=== SOURCE INFORMATION ===

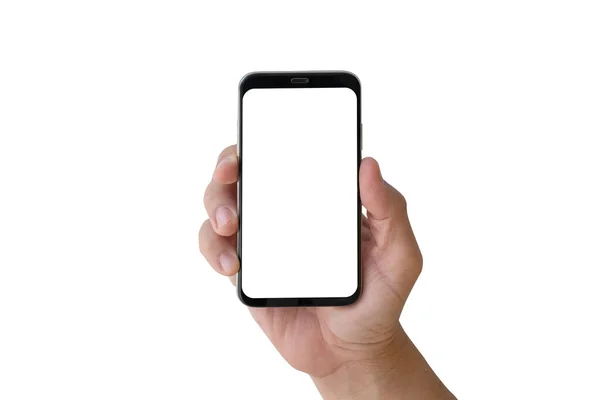 Vista Lateral Smartphone Vertical Mão Com Tela Branco Para Publicidade — Fotografia de Stock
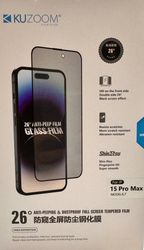 Защитное стекло Kuzoom iPhone 15 Pro 3D Privacy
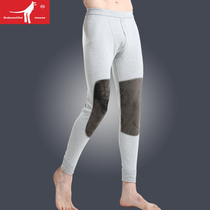 Knee-guarded autumn trousers male cotton teen students with long warm underwear knee thickening without plus spring and autumn winter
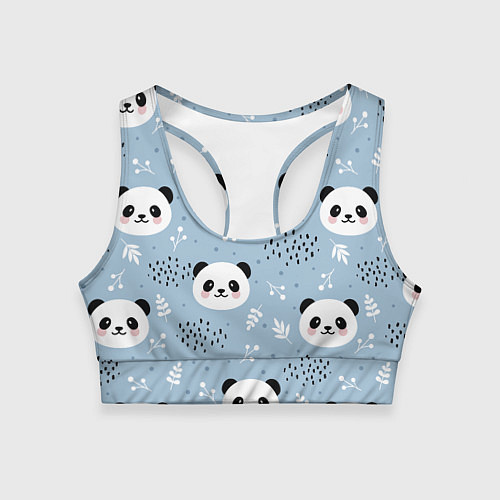 Женский спортивный топ Панды и цветочки / 3D-принт – фото 1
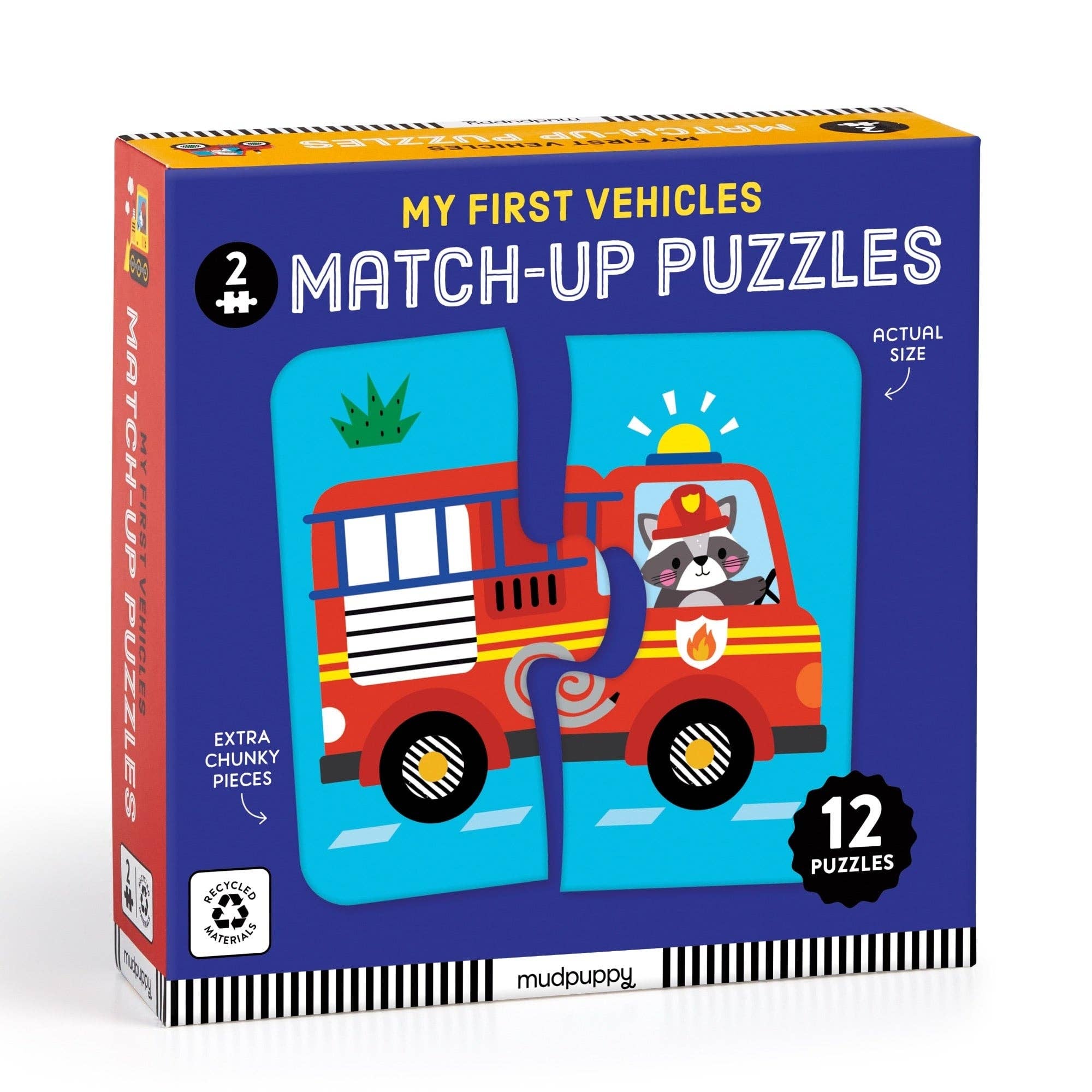 Box of 'My First Vehicles Match-Up Puzzles' with a fire truck illustration on a white background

===

## ACTION ITEM
Print the listing word for word but skip its pictures.

## ANSWER SPACE
 Vista Lateral Smartphone Vertical Mão Com Tela Branco Para Publicidade — Fotografia de Stock
 Защитное стекло Kuzoom iPhone 15 Pro 3D Privacy
 Knee-guarded autumn trousers male cotton teen students with long warm underwear knee thickening without plus spring and autumn winter
 Женский спортивный топ Панды и цветочки / 3D-принт – фото 1
 Box of 'My First Vehicles Match-Up Puzzles' with a fire truck illustration on a white background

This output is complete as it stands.